▸ Directions
Restate the entries below exactly. Images are not part of the copy.

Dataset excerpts
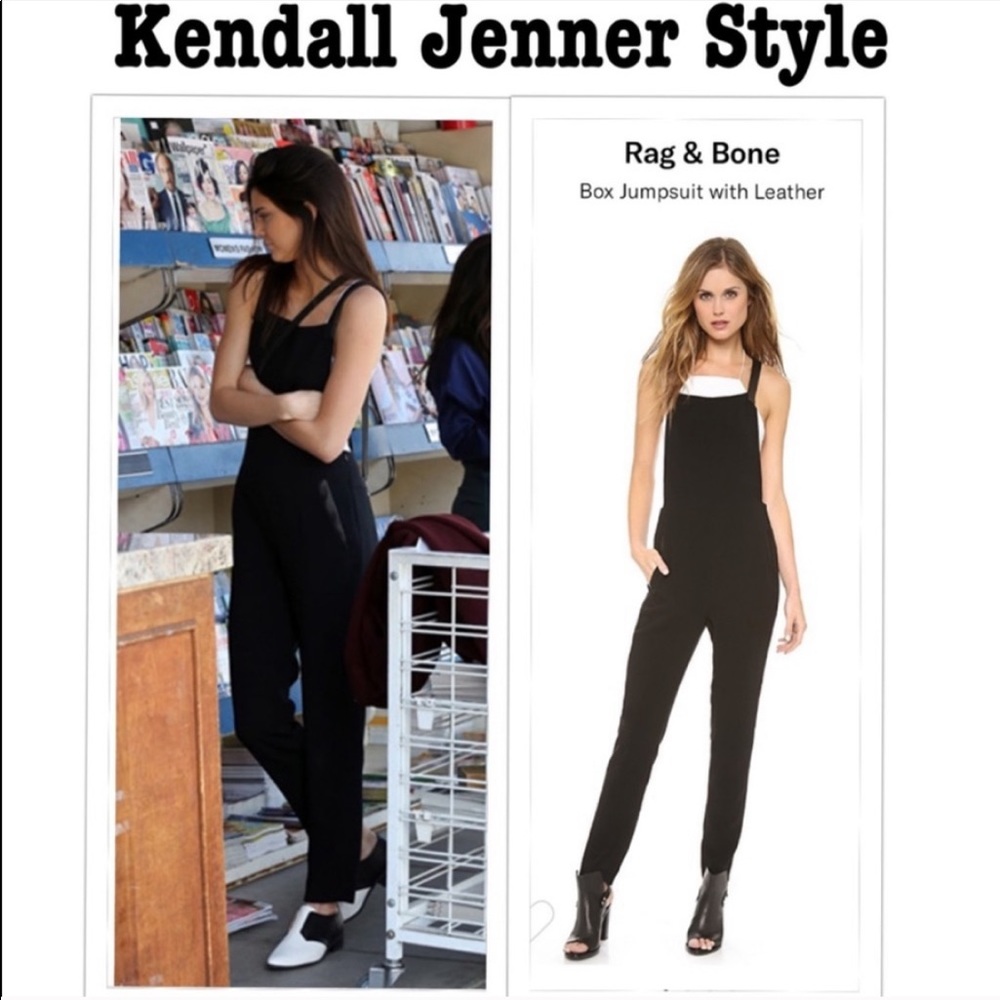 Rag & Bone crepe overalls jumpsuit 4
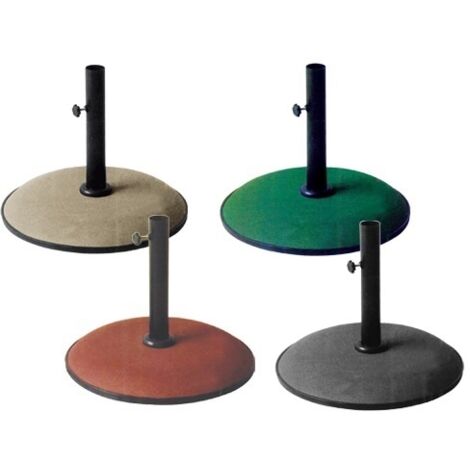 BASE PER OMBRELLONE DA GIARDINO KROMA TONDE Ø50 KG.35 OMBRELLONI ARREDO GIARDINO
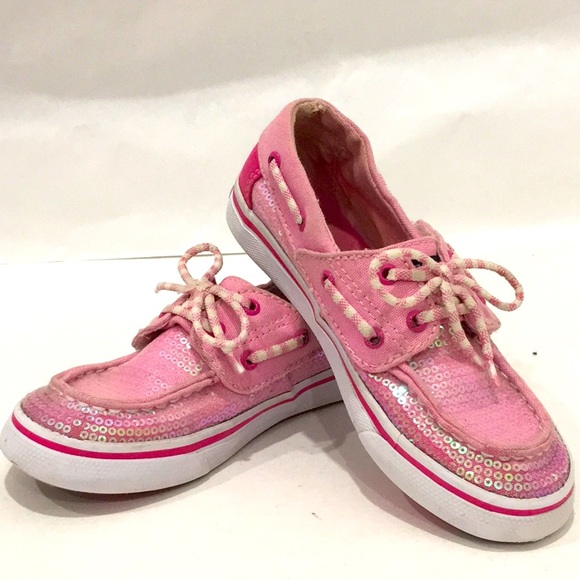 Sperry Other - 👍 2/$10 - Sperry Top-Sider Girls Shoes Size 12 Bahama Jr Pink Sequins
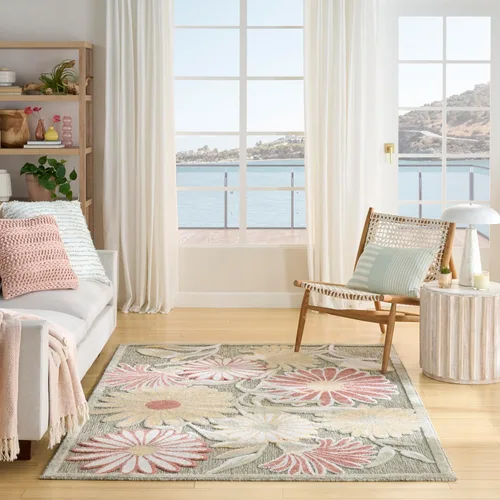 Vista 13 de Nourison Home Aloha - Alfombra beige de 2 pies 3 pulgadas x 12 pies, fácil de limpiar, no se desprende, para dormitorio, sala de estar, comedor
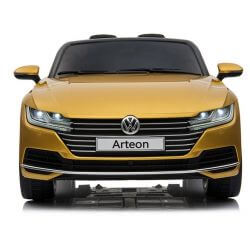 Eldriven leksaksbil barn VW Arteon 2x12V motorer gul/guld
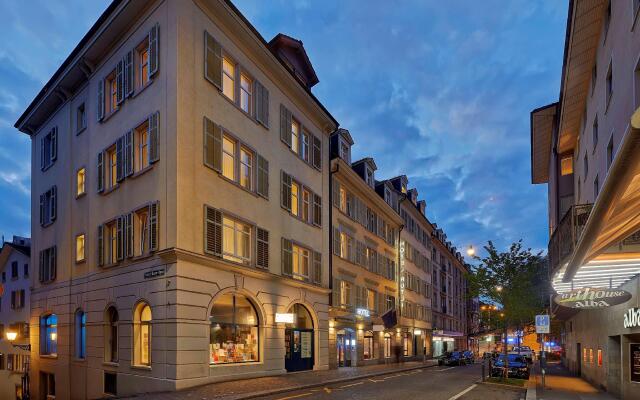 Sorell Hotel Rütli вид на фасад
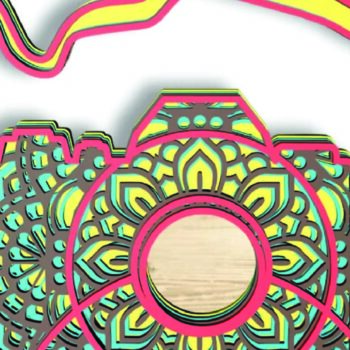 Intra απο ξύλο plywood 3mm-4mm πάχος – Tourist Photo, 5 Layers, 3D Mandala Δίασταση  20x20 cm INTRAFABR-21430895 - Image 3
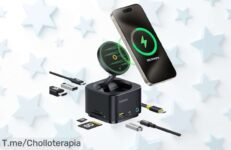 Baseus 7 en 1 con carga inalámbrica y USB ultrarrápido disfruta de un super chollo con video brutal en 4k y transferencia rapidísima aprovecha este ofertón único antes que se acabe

▸ Output for this task
 Rag & Bone crepe overalls jumpsuit 4
 BASE PER OMBRELLONE DA GIARDINO KROMA TONDE Ø50 KG.35 OMBRELLONI ARREDO GIARDINO
 Sperry Other - 👍 2/$10 - Sperry Top-Sider Girls Shoes Size 12 Bahama Jr Pink Sequins
 Vista 13 de Nourison Home Aloha - Alfombra beige de 2 pies 3 pulgadas x 12 pies, fácil de limpiar, no se desprende, para dormitorio, sala de estar, comedor
 Eldriven leksaksbil barn VW Arteon 2x12V motorer gul/guld
 Sorell Hotel Rütli вид на фасад
 Intra απο ξύλο plywood 3mm-4mm πάχος – Tourist Photo, 5 Layers, 3D Mandala Δίασταση  20x20 cm INTRAFABR-21430895 - Image 3
 Baseus 7 en 1 con carga inalámbrica y USB ultrarrápido disfruta de un super chollo con video brutal en 4k y transferencia rapidísima aprovecha este ofertón único antes que se acabe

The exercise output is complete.